My expression is faster on my small deployment, but i am not sure at scale…
Not sure I can follow that one directly, but in some of my other tests I had tried to derive the main ‘chunk’ of data at the beginning as a set and then try to calculate the values from there, but in at least two of the ways I wanted to do it meant I tried to use “item 0 of it” as the first parameter of the concatenation and substring separated functions - which they don’t allow.
I’ve had troubles using “item of it” in whose clauses before as well, but I think it’s because I targeted function results and not tuples before. Too late now, but might have a stab at it tomorrow.
As far as running your code, I will have to spend a little time unravelling your gem, but when I ran it on our v7.1.1 (30k clients - 2.5 minutes) and v8.0.584 (321 clients) environments, it came back with all the OS’s listed, but the totals were all 0.

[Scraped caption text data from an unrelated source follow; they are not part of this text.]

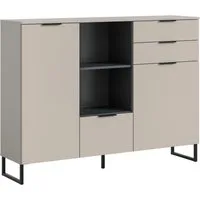 Home affaire Highboard ADIO, Breite 150cm, 2 Türen, 1 Klappe, 2 Schubkästen, mit Metall-Kufen (1 St), Sideboard, Kommode, Lowboard, Schrank, Wohnzimmerschrank, Anrichte
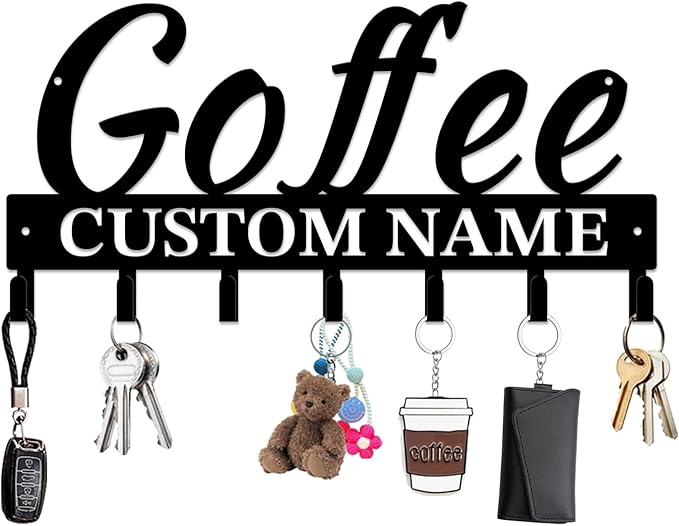 Personalized Custom Name Coffee Bar Wall Keys Hooks,Metal Coffee Shop Art Clothes Hooks,Metal Coffee Lover Wall Home Storage Decorative,For Front Door, Hallway, Kitchen, Bedroom,Keys,Hats (Style H)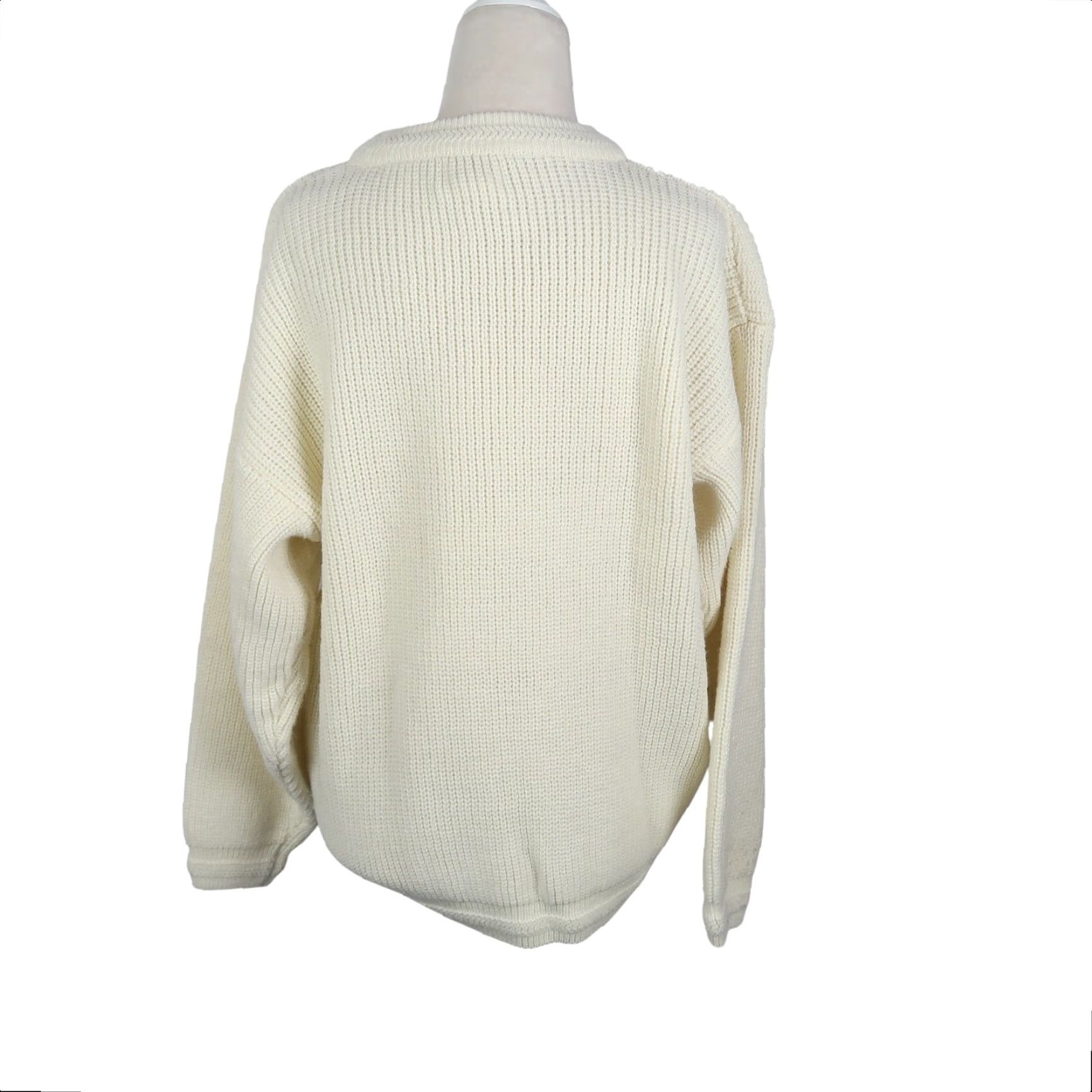 Vintage VINTAGE TJW by Mervyn's Cream Rib Knit Pullover Sweater M Winter Fall 80s 90s Womens Crew Neck Long Sleeve Solid Size M / US 6-8 / IT 42-44 - 4 Thumbnail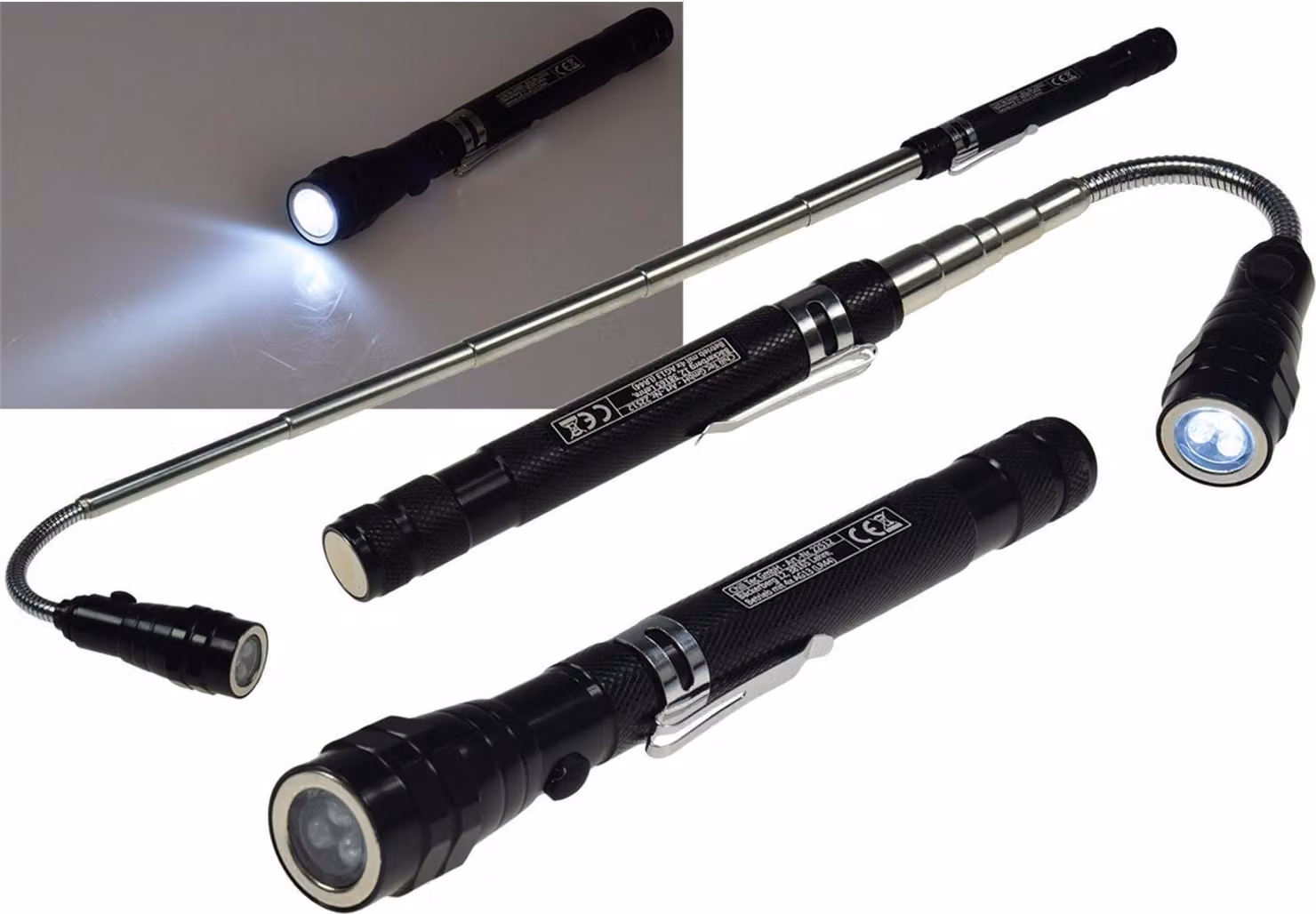 Utensile telescopico ChiliTec con LED 1 magnete per testa+piedi, collo d'oca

I’m sure you’ll find where the bug is and get a good result. I just wonder if I’ll ever get my head around relevance enough to come up with constructs like that.
Oops, had a little bug in the final whose clause, fixed it now.
I always think it’s easier to incrementally build a relevance expression than to understand what someone else wrote (especially if they go tuple crazy like i do)
Ben’s code in post #13 works great, and only takes about 15sec to run in our 8,000 endpoint deployment. The issue I have though is when I replace the (what I call, built in properties (aka OS, CPU, etc) with my own property name of “Platform Support”, I get "Singular expression refers to nonexistent object. "
nevermind, I had to get rid of the code “and reserved flag of it = true”. Works now. Now I just need to get it into a table. Thanks for everyones help.